LAS VEGAS – Financial problems plaguing Caesars Entertainment and its casino empire have the company considering a trip to bankruptcy court, possibly as early as Thursday.
It doesn’t necessarily signal the end of this faux Roman Empire, though.
If all goes according to the company’s plan, drawn up with its most senior creditors, it should be business as usual for customers – its doors will remain open, the slot machines will still sing, chips will rest atop tables.
“Caesars is, in a certain sense, a Nevada version of ‘too big to fail,”’ said Michael Green, a history professor with the University of Nevada, Las Vegas.
It’s still a gamble.
U.S. casino-hotel companies are dependent on extra cash in a person’s pocket, but perhaps none more than Caesars, which waded into the recent economic downturn already burdened by more debt than any of them – a by-product of a buyout in January 2008 that was largely a wager using other people’s money.
While competitors found fortune in Asia’s casino growth as stateside gambling in Las Vegas and Atlantic City waned, Caesars missed out. And as other companies built arenas and shopping districts on the Strip or casino-hotels in newer gambling markets across the country, analysts say Caesars was reluctant to spend.

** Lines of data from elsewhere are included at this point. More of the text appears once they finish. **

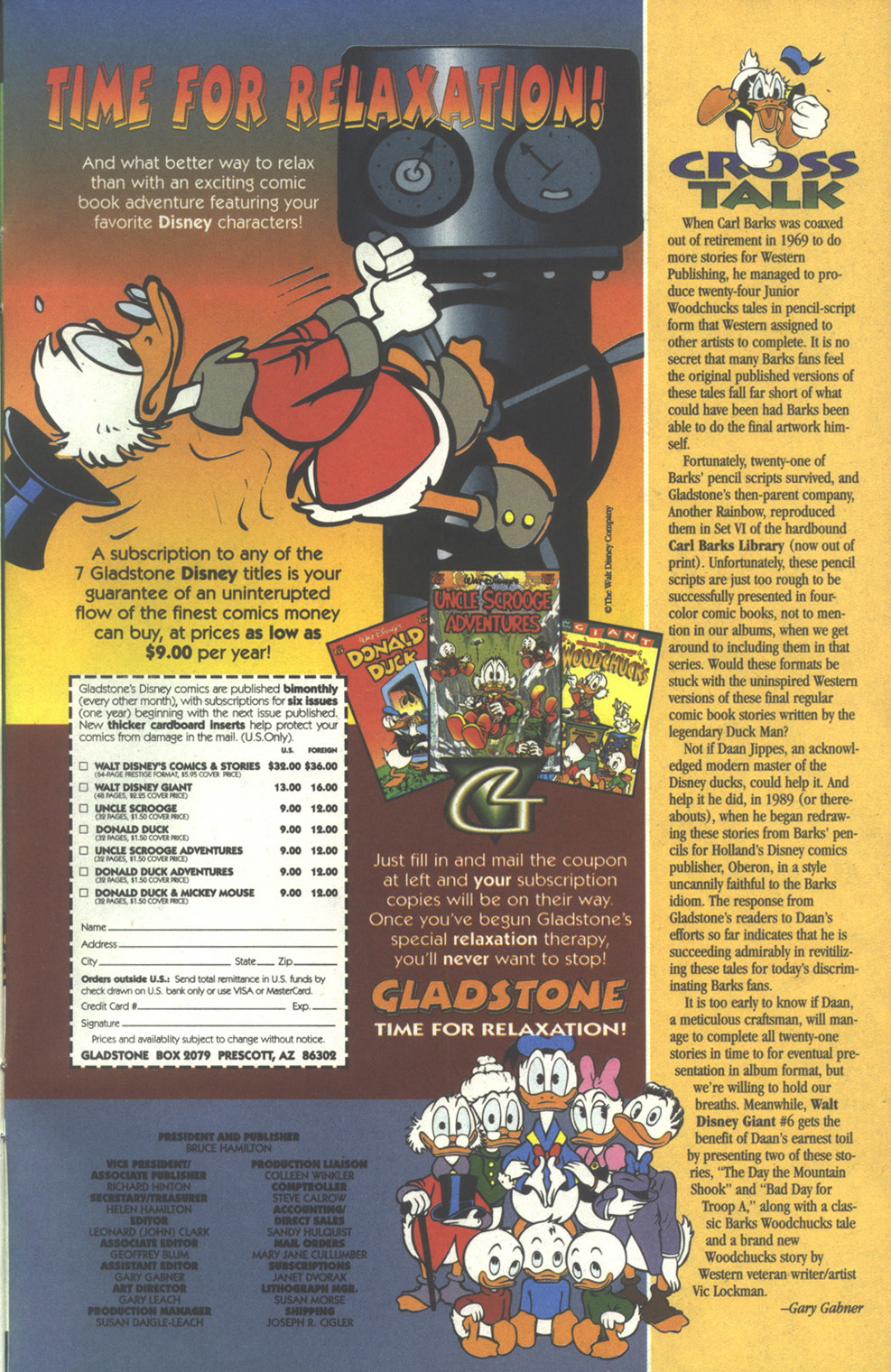 Read online Walt Disney's Donald Duck and Mickey Mouse comic -  Issue #6 - 31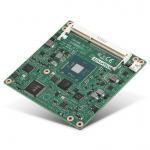 Carte industrielle COM Express Compact pour informatique embarquée, Pentium N3710 1.6GHz 4C COMe Compact non-ECC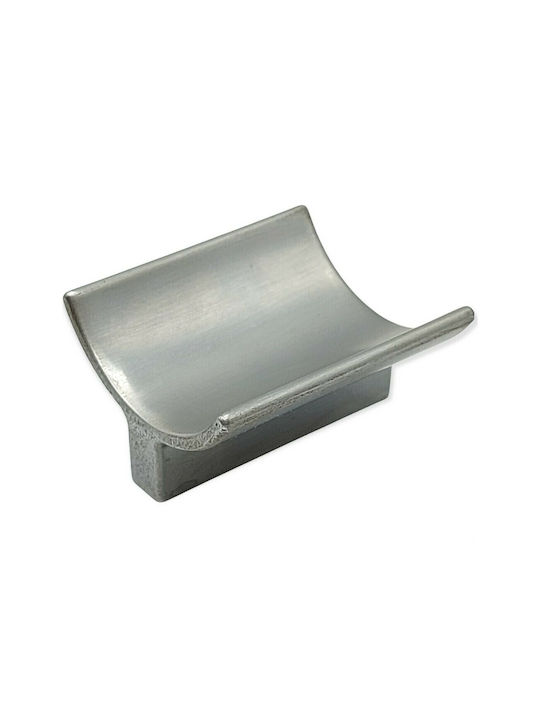 Italienischer Möbelgriff Valli&valli 4800-32-10c1 Chrommatte Maße 3,2cm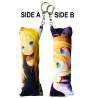 Keychain dakimajura Angels of death Ray  (1 pc)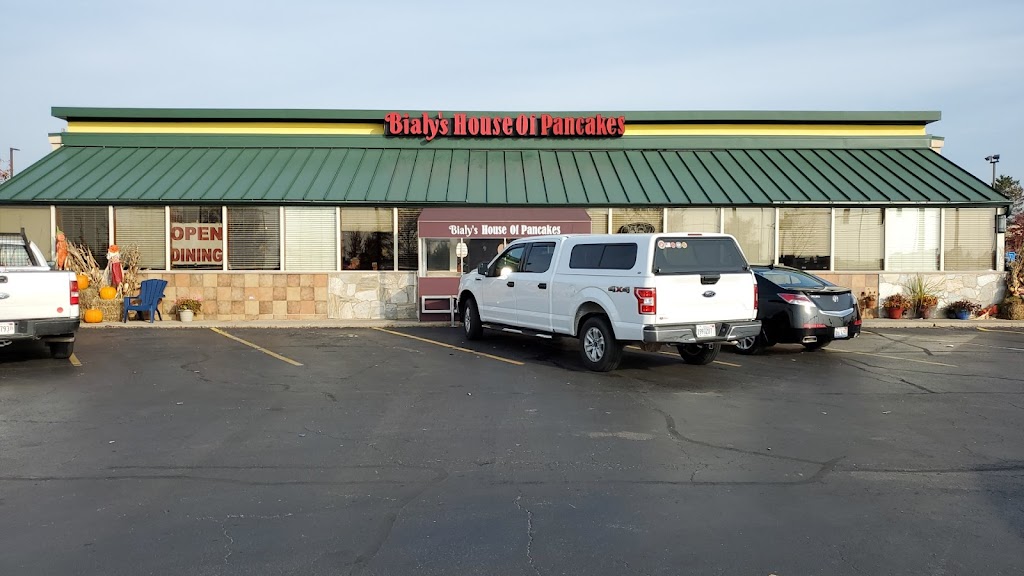 BIALYS HOUSE OF PANCAKES | restaurant | 7110 W 159th St, Orland Park, IL 60462, USA | 7087774444 OR +1 708-777-4444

It went private, then public again to raise cash and created new related companies, shifting its properties from one to another to free them up from the debt cordoned off in one spot, its Caesars Entertainment Operating Co. That’s the company now headed to bankruptcy court.
Regardless of the manoeuvrs, “the fundamentals were not there to support the amount of debt that they had,” said Keith Foley, an analyst with Moody’s Investors Service.
WHAT HAPPENED
Apollo Global Management LLC and TPG Capital LP did what a lot of private equity firms were doing at the time when money and loans were easy to come by, buying companies with promise – relying mostly on debt – to add to its portfolio. The gambling industry looked promising.

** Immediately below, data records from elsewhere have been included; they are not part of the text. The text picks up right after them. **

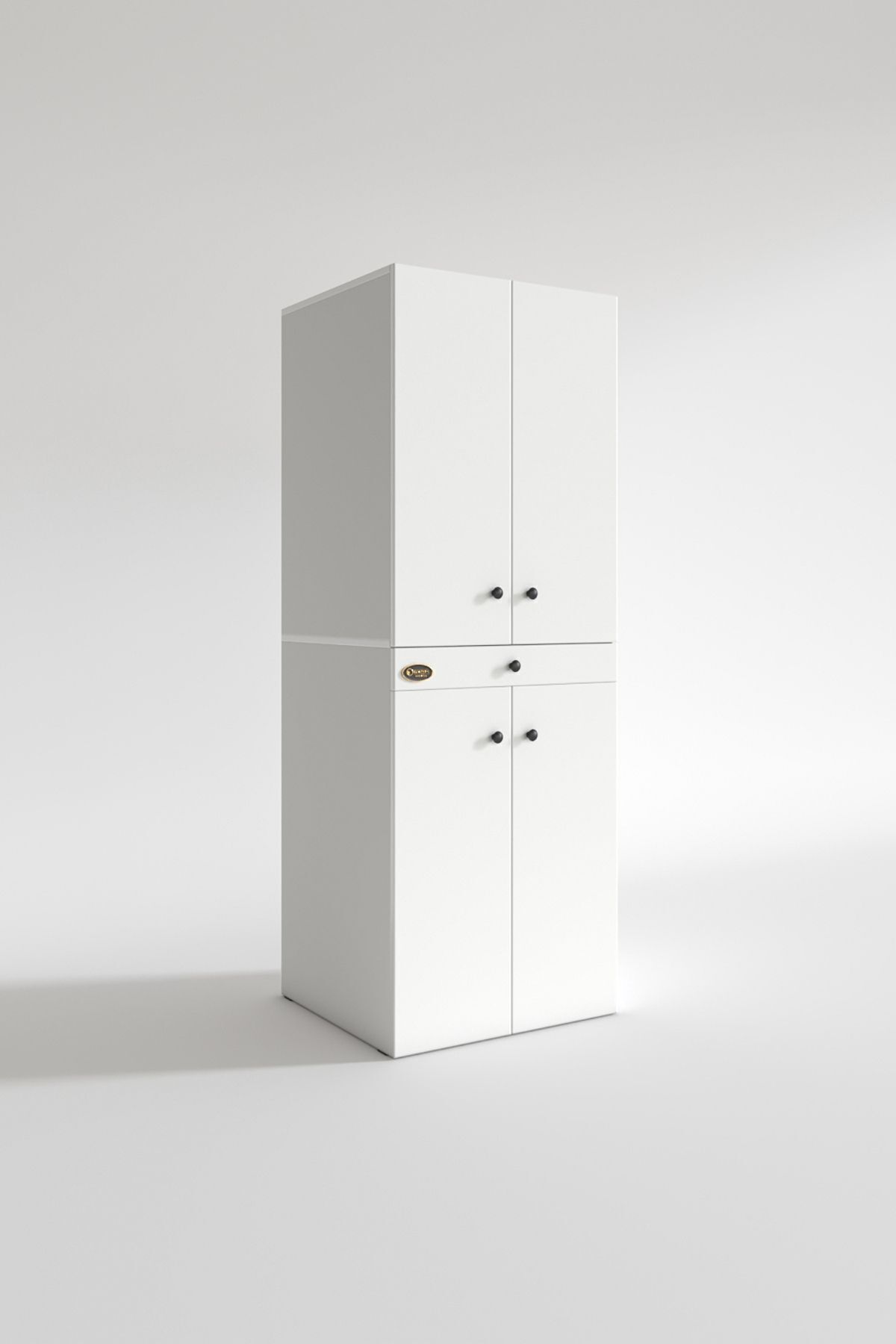 Kenzlife Çamaşır-Kurutma Makinesi Dolabı El Kindi Byz 187*070*60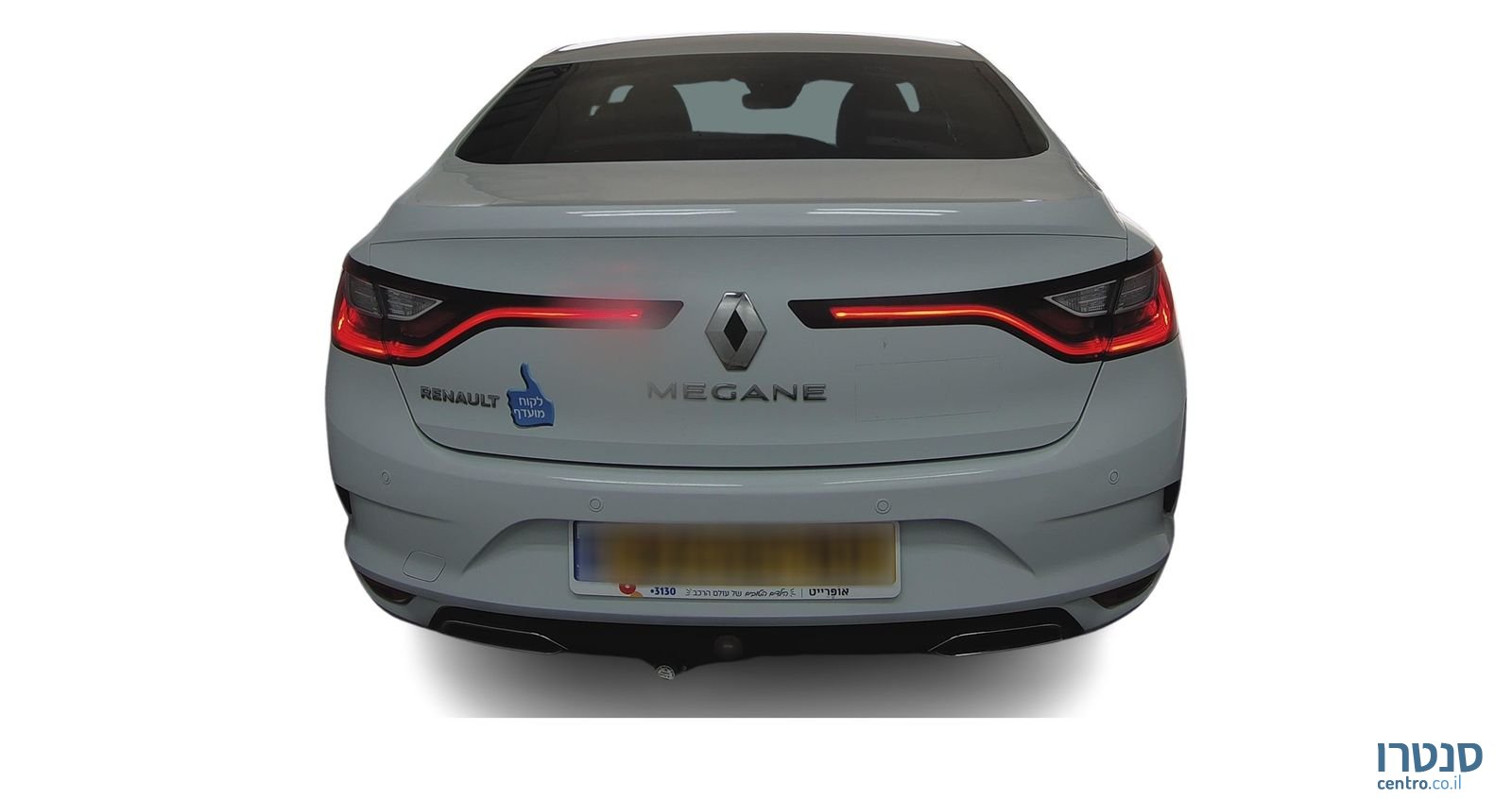 2023' Renault Megane רנו מגאן photo #3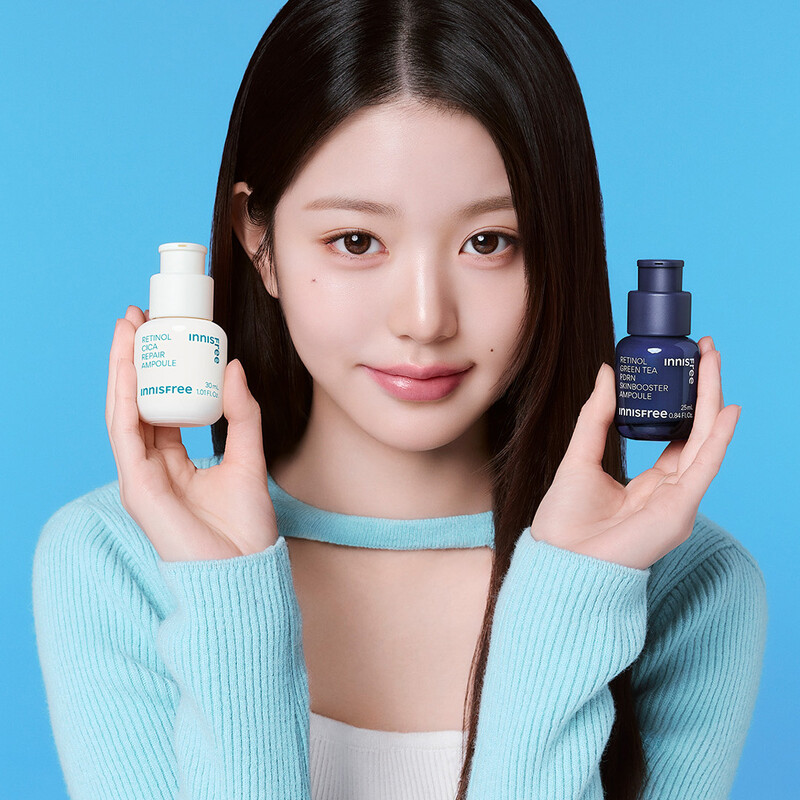 Wonyoung for innisfree - Retinol + Cica Collection 2024 documents 1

The deal to buy Caesars (then known as Harrah’s) was first announced in 2006 during the heyday of Vegas tourism and development. But the deal didn’t close until January 2008, several months before Lehman Brothers would go bankrupt, shaking the economy to its core. And it was a nearly $30 billion deal with the two firms taking on more than $10 billion of existing debt and relying on several billion more in bonds to pay for the company.
In between, the company had cut about 200 people from its corporate staff. Before the year was done, Caesars was cutting more staff and looking for new cash to make its interest payments.
WHAT NOW
Among its casino peers, Caesars’ empire remains the largest, employing some 68,000 people worldwide at more than 50 casino-hotels, including Caesars Palace on the Las Vegas Strip.
While Caesars Entertainment has seen a steady $8.6 billion or so in revenue since 2009, it’s been outpaced by Las Vegas Sands Corp., which went all-in in Macau, China, and grew every year to post revenue of $14.5 billion in 2013.
Las Vegas Sands made a $2.3 billion profit that year. Caesars lost $2.9 billion.
Caesars has lost money each year for the last five years.
Still, the company unveiled its High Roller observation wheel and newly renovated hotels on the Strip: The Linq and The Cromwell. It hired headliners for shows at The Colosseum inside Caesars Palace.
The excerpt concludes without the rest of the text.